**Problem to work on:**
Below are records with pictures in them. Output exactly the lines from the one with "Boden Women's Swimsuit Black & White" through the one with "Diamond Necklace in Floral Elegance", both included, and leave every picture out; give only those lines.

**Available records:**

————————

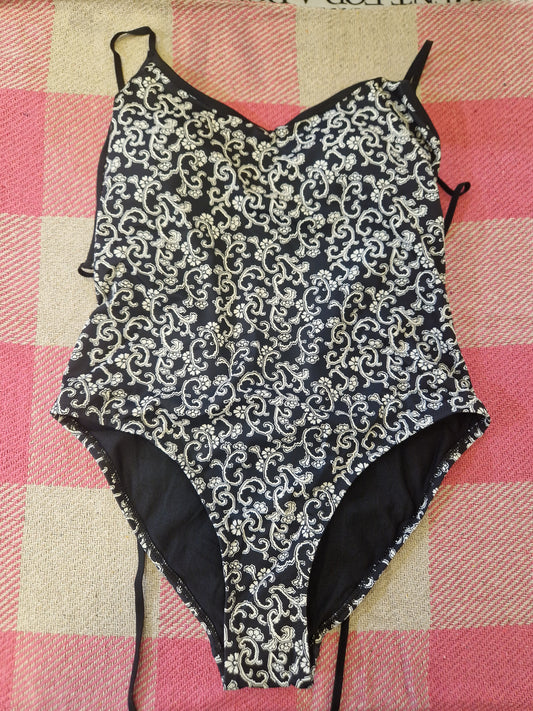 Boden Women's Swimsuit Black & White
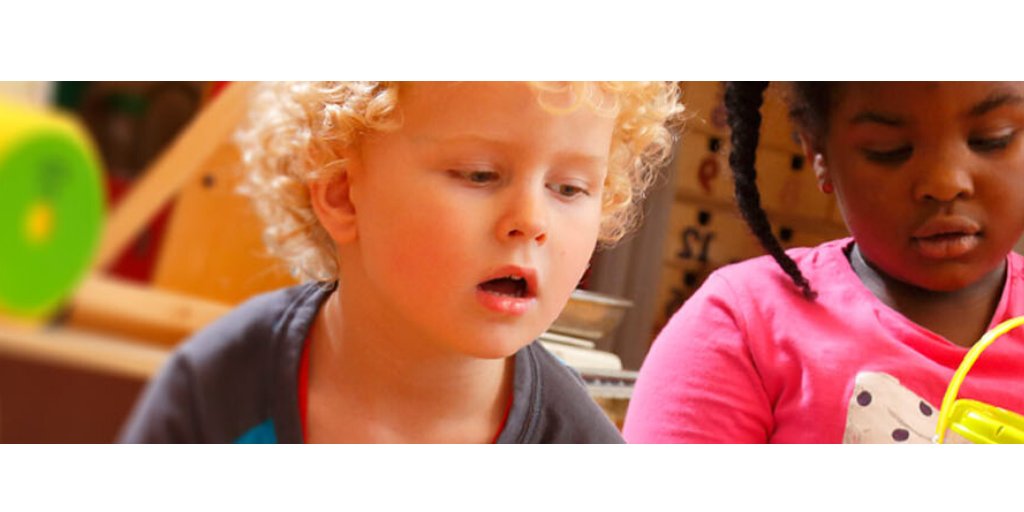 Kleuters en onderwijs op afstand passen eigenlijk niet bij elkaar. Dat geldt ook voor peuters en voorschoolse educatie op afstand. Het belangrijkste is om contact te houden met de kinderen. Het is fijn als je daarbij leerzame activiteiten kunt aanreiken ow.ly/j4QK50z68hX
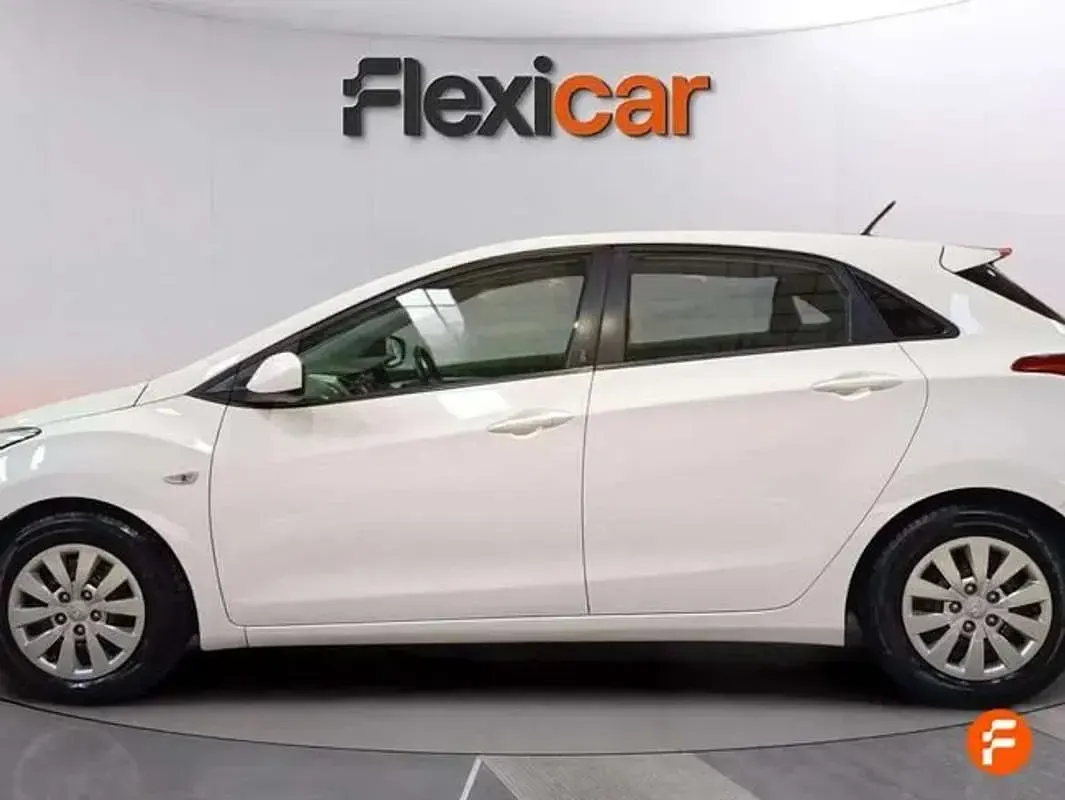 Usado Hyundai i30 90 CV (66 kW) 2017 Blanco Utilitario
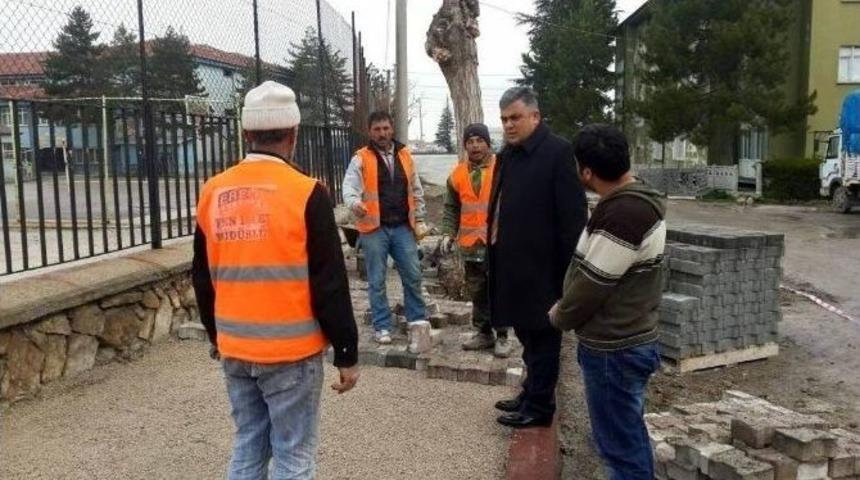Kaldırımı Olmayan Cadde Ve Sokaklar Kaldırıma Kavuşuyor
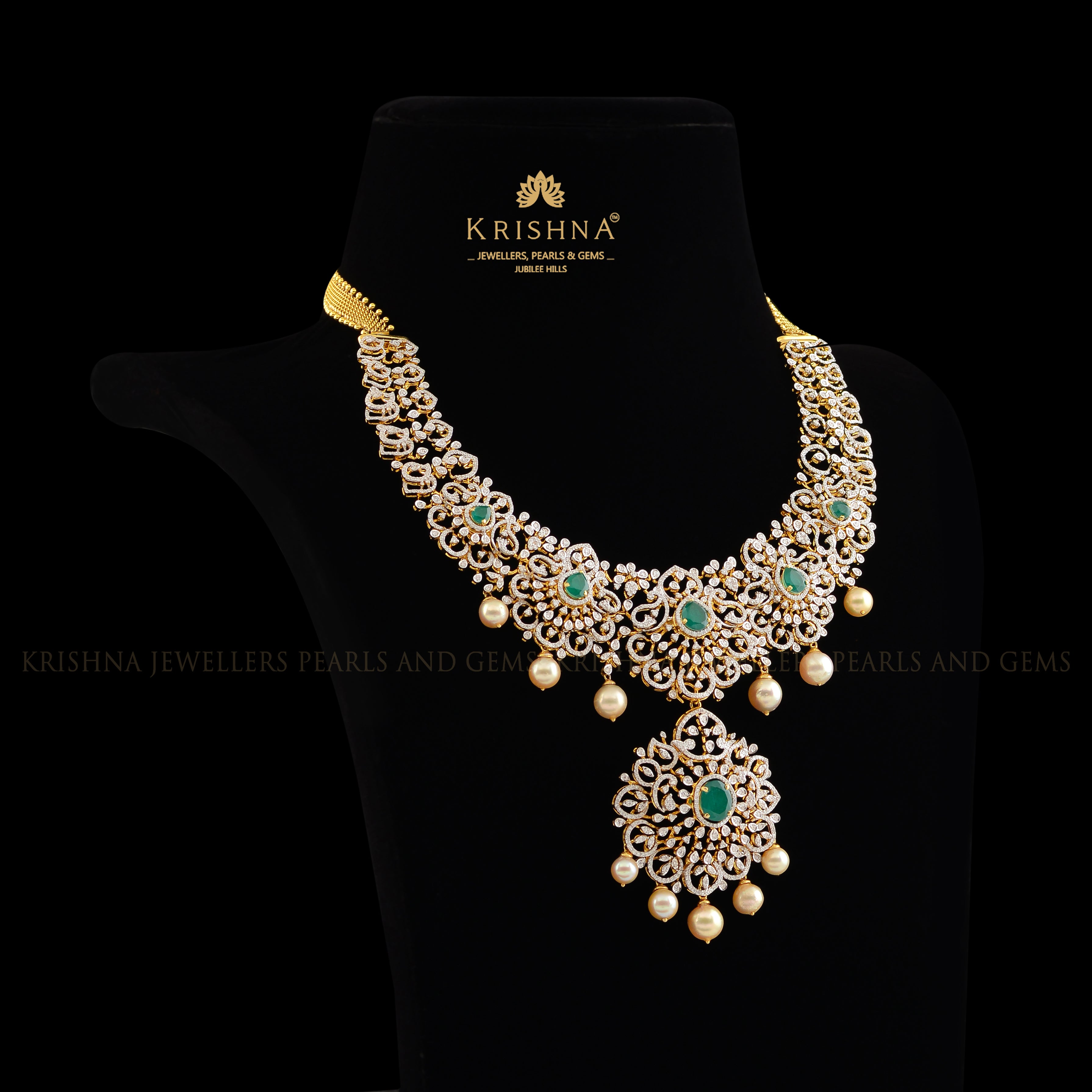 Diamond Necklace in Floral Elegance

————————

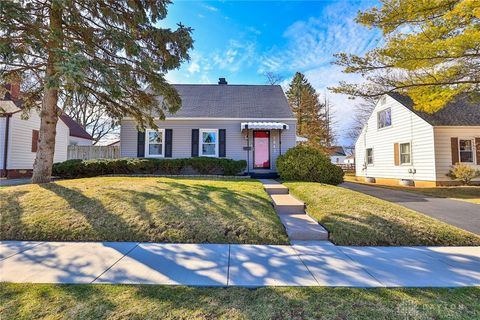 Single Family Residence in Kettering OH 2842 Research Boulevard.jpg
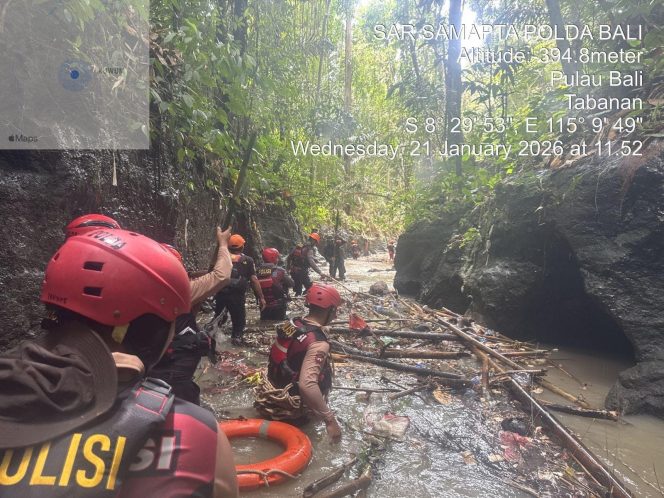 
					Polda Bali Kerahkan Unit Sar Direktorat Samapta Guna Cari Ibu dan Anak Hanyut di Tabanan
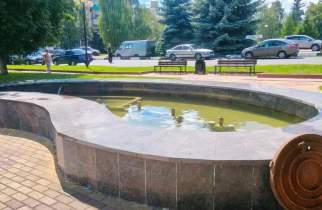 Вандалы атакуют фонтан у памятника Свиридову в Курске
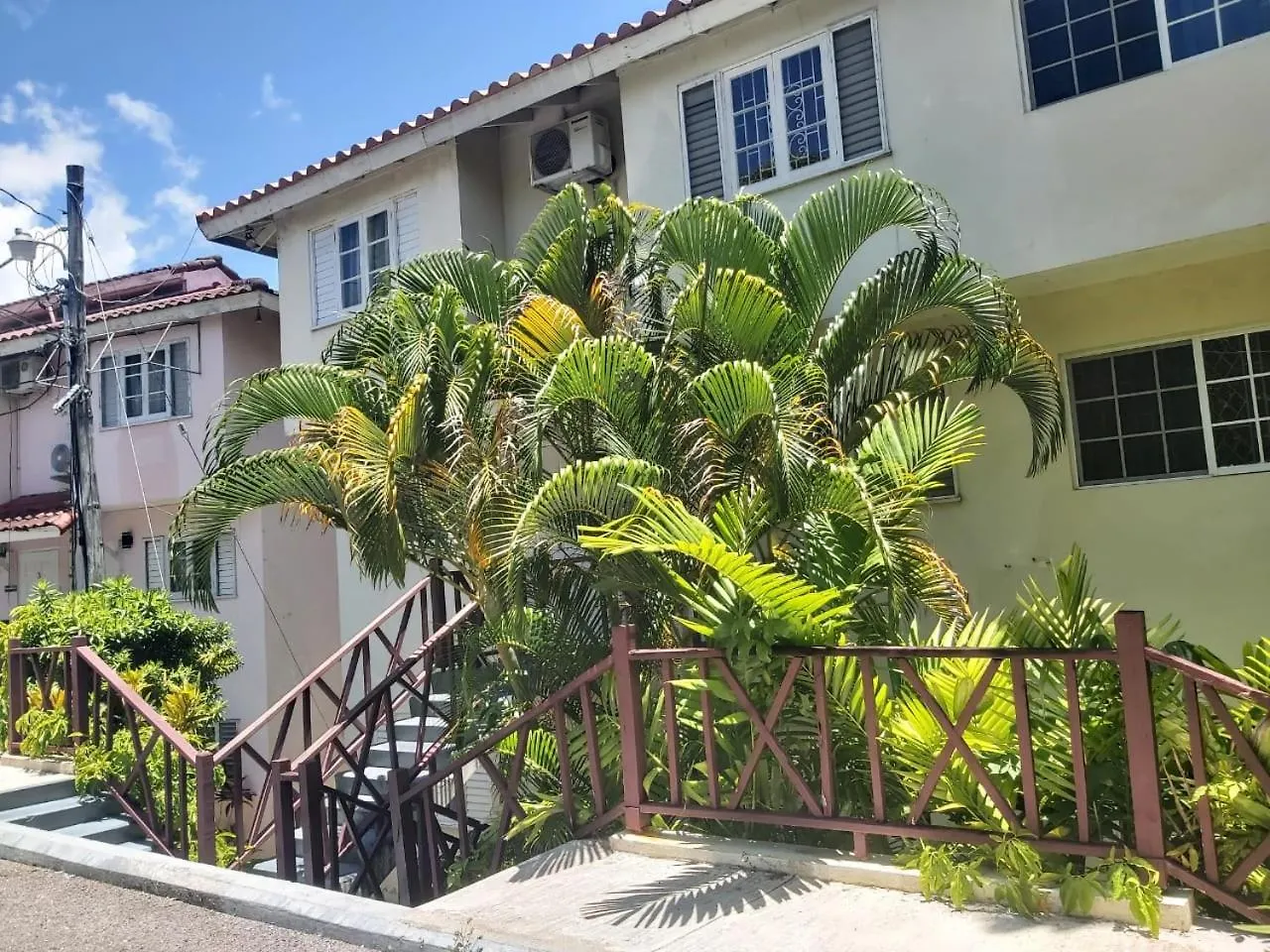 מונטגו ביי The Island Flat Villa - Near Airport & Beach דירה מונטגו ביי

————————

**Solution to this problem:**
 Boden Women's Swimsuit Black & White
 Kleuters en onderwijs op afstand passen eigenlijk niet bij elkaar. Dat geldt ook voor peuters en voorschoolse educatie op afstand. Het belangrijkste is om contact te houden met de kinderen. Het is fijn als je daarbij leerzame activiteiten kunt aanreiken ow.ly/j4QK50z68hX
 Usado Hyundai i30 90 CV (66 kW) 2017 Blanco Utilitario
Kaldırımı Olmayan Cadde Ve Sokaklar Kaldırıma Kavuşuyor
 Diamond Necklace in Floral Elegance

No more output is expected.